消化と吸収を助ける「ヨガ的な食事」⑲【by 平田ホリスティック教育財団 理事 丸元康生】

最終更新: 6月11日

 食後に猛烈に眠くなってしまうのには、いろいろな原因が考えられます。一番ありがちなのが「糖質の摂り過ぎ」です。


 お茶碗軽く一杯のごはんをゆっくりよくかんで味わいながら食べた時と、大盛りごはんをかき込んだ時の血糖値の動きを比較してみましょう。




 「軽く一杯をゆっくり」の場合、でんぷんは少しずつブドウ糖に分解されて、少しずつ吸収されます。「大盛りをガツガツ」の時は、大量のブドウ糖がまとめて吸収されてしまいます。



 吸収されたブドウ糖は血液の中に入ります。少しずつ吸収されれば血糖値(=血液中のブドウ糖濃度)の上昇もゆるやか。ドカンと一気に吸収されると、シャープに急上昇します。



 血液中のブドウ糖は次々に筋肉(骨格筋)に移動していくので、血糖値が下がります。この時にインスリンが必要なことは、前回お話ししました。



 食事をすると、まずまとまった量のインスリンが分泌されます。血糖値の上昇カーブが小さくゆるやかだった時は、最初に投入されたインスリンの働きで、ほとんど上昇が収まります。



 その後は、インスリンを小出しにして微調整するだけで、血糖値を楽々コントロールできます。

 一方、血糖値が急速に急角度で上昇した場合、インスリンの最初の一撃では勢いがおさまりません。そうなると、からだはあわててインスリンを大量に追加しないといけません。インスリンの大量分泌が続いてしまいます。



 ごはん大盛りの人でも、やがて血糖値が下がり始めます。ただし、血糖値が「ちょうどいいゾーン」より上にあれば、からだにとっては「一刻も早く下げなければいけない」状態です。力をゆるめずに、インスリンを追加分泌しないといけません。


 下降カーブに転じていれば、血糖値は自然と下がっていく流れになっています。
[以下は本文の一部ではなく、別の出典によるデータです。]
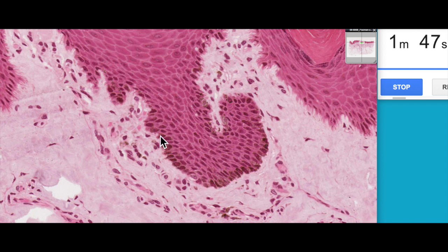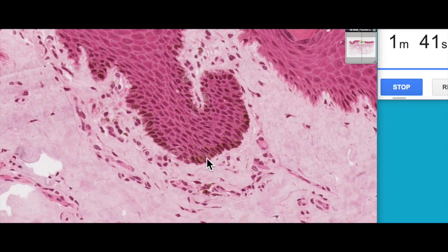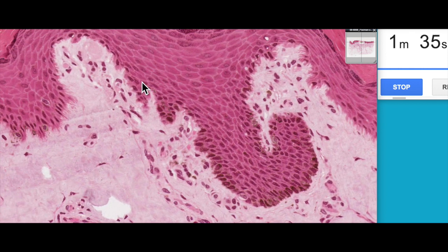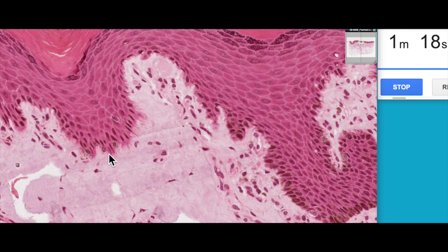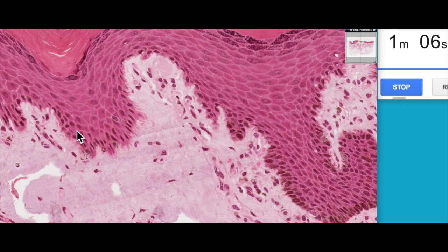The stratum basale is one cell layer thick, made up predominantly of keratinocytes. Those keratinocytes often have melanin granules associated with them, passed on by another cell type found within the stratum basale known as melanocytes. Here's an example of a melanocyte, and here's an example of a keratinocyte. You can see the keratinocytes have an interdigitation of their cytoplasm with the underlying basement membrane, which increases surface area for contact to resist abrasion — particularly important in thick skin.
このタイミングでインスリンがドサドサ投入されると、効果が強く出過ぎてしまいます。

 そのため「ちょうどいいゾーンの下限のライン」を突き抜けて、血糖値が下がり過ぎてしまうことがあります。この時に強烈な眠気を感じやすいのです。

 お相撲でいえば、土俵際に押し込んで、力を入れなくても寄り切れるところまできたのに、ダメ押しでプッシュするようなものです。相手の力士はたまらず転げ落ち、砂かぶりのお客さんに激突してしまいます。

 観客からすれば「今の、やる必要ないでしょ!」という場面ですね。ダメ押しした力士は「最後まで油断できないから……」「勢いがついちゃって止められなかった、ゴメン」という気持ちなのかもしれません。からだも同じような感じなのでしょう。

 実は、ごはんの量を控えめにしていても、食後に眠くなる場合があります。それについては、次回お話ししましょう。